9. Create Legacy Focused Centerpieces
At any upcoming event, design the centerpieces as a way to honor individuals and their legacy. Perhaps they have been a dedicated volunteer for 30 years and you can include an item or photo that speaks to their particular style or service. Something as simple as choosing their favorite flowers in an etched vase can work well or it can be a complex reflection of their time at your organization through symbols and stories. If they welcome public recognition, include a write-up on the table of the individual’s life and legacy and/or provide a tribute during the event program. Most importantly, save a sample of centerpieces for the person you are honoring and close family and friends that attended to have as a keepsake.
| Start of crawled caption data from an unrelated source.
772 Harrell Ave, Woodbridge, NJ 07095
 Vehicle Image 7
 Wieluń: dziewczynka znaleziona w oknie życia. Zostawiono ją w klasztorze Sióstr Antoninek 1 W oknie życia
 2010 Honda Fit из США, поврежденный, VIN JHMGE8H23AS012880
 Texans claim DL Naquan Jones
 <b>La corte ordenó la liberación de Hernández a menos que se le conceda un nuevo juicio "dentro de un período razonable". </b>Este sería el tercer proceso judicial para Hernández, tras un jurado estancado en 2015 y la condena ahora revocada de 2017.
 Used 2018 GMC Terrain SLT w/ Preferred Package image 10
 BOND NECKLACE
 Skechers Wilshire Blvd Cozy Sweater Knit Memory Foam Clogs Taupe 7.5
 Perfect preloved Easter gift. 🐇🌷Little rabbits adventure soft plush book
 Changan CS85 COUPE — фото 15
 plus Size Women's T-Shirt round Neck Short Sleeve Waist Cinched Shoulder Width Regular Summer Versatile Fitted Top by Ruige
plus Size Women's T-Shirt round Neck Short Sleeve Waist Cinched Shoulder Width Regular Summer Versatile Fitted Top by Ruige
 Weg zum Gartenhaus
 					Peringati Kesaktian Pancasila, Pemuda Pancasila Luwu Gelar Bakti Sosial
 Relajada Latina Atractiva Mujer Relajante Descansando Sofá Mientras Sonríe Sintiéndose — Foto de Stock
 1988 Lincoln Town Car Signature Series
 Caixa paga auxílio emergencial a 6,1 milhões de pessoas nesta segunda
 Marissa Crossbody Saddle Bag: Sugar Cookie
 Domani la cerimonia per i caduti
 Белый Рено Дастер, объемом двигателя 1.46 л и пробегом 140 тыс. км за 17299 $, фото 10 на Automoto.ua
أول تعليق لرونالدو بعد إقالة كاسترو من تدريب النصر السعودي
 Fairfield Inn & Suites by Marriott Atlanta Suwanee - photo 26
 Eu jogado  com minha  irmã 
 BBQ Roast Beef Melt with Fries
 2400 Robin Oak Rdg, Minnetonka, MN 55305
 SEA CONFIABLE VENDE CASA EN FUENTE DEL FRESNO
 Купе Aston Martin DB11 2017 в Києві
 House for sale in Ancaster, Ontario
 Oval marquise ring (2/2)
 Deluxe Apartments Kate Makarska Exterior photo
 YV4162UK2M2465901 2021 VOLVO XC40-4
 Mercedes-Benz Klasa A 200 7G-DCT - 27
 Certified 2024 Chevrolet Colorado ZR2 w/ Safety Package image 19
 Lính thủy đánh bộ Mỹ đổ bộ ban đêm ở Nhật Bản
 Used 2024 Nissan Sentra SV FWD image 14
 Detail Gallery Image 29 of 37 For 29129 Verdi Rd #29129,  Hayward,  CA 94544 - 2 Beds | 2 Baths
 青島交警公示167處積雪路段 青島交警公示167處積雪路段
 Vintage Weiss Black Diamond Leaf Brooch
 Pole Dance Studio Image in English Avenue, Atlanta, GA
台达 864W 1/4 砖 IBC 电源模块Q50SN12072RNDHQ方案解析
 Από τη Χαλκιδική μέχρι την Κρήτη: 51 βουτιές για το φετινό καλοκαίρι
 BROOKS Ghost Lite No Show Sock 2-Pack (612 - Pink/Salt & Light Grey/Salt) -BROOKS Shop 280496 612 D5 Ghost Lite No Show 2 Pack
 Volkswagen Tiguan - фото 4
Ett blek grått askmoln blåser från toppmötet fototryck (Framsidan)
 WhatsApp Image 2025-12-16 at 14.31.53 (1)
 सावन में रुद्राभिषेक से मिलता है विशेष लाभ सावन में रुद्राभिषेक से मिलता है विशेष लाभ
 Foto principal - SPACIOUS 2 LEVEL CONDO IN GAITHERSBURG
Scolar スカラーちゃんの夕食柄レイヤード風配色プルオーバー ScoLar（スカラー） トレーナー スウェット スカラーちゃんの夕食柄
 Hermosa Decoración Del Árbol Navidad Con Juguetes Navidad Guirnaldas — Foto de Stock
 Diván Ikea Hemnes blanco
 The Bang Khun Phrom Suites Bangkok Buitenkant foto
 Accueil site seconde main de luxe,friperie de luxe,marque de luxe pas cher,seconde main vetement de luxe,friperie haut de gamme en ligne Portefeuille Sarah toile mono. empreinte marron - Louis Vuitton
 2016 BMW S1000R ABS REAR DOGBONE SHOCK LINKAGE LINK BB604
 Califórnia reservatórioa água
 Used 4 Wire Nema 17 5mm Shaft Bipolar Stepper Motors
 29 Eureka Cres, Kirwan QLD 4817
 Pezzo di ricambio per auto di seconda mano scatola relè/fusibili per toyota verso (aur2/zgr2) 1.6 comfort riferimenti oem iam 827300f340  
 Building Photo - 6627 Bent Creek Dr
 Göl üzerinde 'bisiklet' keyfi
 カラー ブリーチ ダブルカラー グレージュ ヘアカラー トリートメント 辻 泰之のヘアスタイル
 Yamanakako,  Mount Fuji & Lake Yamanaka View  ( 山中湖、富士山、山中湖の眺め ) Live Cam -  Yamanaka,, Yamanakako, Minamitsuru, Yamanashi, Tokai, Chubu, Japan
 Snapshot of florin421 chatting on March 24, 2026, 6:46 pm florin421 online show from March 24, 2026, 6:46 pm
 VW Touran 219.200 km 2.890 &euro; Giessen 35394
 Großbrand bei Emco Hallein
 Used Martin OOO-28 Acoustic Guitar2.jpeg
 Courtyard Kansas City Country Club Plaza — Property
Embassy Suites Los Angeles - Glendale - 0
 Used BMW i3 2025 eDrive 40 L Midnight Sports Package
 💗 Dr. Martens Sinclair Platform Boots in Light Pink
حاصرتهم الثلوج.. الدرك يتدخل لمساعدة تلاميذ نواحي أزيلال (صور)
10. Nominate for Awards Outside of your Organization
We regularly default to honoring someone by giving them an award we designate through our organization. This can be a great fit, especially if an annual award or event already exists. However, it can quickly become costly and even political to maintain over time. Just as meaningful, and often much more cost-effective, is nominating someone for an award outside your organization. Keep an eye out for city and state awards, rotary, volunteer organizations, awards featured on local media and even various for-profit business awards. Taking the time to nominate someone shows your care for them goes beyond your organization while highlighting their contributions to your cause. Be sure to save a copy of the nomination letter or form you submitted and send it on to them (preferably on nice paper, mailed with a handwritten note). Even if they are not selected, they will enjoy learning how you see them and they will be grateful for the recognition of their contributions.